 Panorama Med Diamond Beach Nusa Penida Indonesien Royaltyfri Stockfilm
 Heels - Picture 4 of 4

...

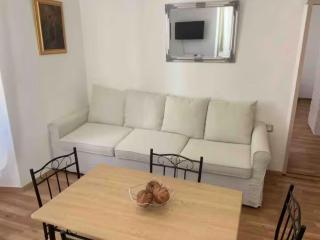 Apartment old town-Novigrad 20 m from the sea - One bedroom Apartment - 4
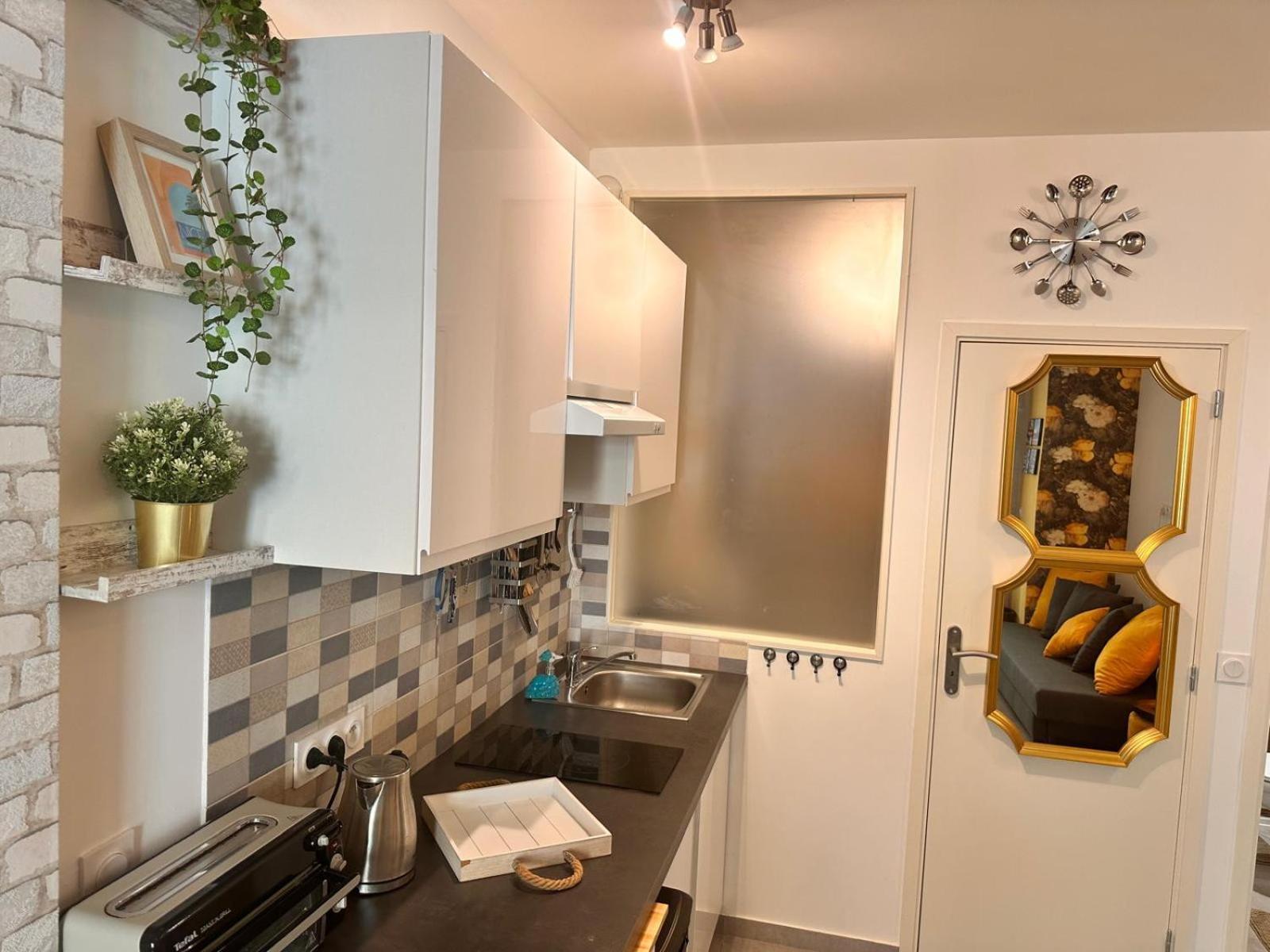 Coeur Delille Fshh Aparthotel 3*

■ **TASK TO CARRY OUT**:
Could you restate, word for word, the lines above from the one with "Panorama Med Diamond" to the one with "Heels - Picture 4 of 4", both included?

■ **SOLVED EXERCISE**:
 Panorama Med Diamond Beach Nusa Penida Indonesien Royaltyfri Stockfilm
 Heels - Picture 4 of 4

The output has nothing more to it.